Entries shown:
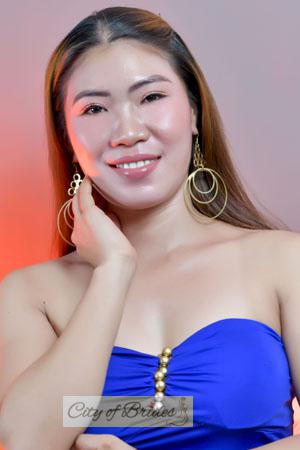 173705 - Jongie Age: 30 - Philippines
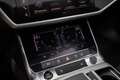 Audi A7 Sportback 50 TFSIe S line quattro-ultra S tronic Gris - thumbnail 30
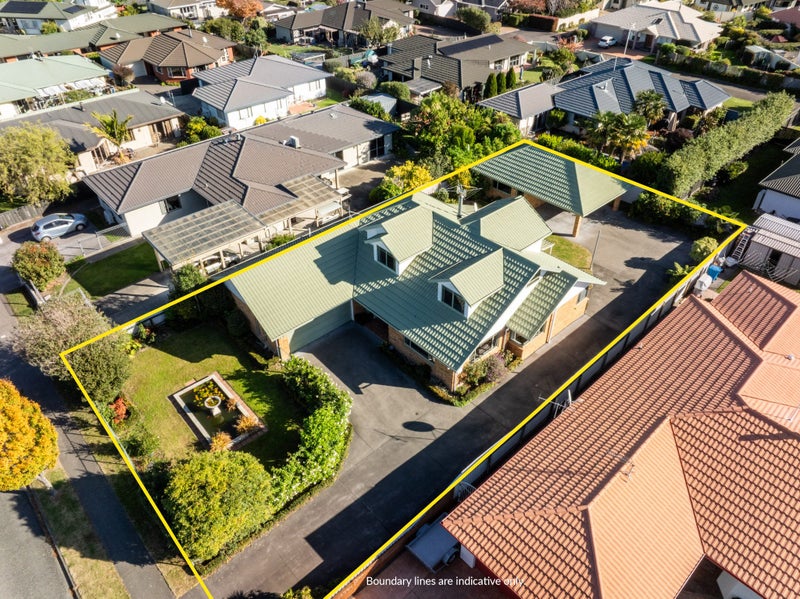90 Church Road, Taradale, Napier - Carousel 2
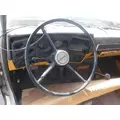 GMC C-SER Steering Column thumbnail 1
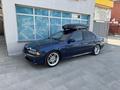 BMW 525 2000 года за 4 400 000 тг. в Шымкент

Required work:
Exact copies of the lines from the one containing "Audi A7 Sportback" through the end of the records above are required, with no pictures among them.

Response for this exercise:
 Audi A7 Sportback 50 TFSIe S line quattro-ultra S tronic Gris - thumbnail 30
90 Church Road, Taradale, Napier - Carousel 2
 GMC C-SER Steering Column thumbnail 1
 BMW 525 2000 года за 4 400 000 тг. в Шымкент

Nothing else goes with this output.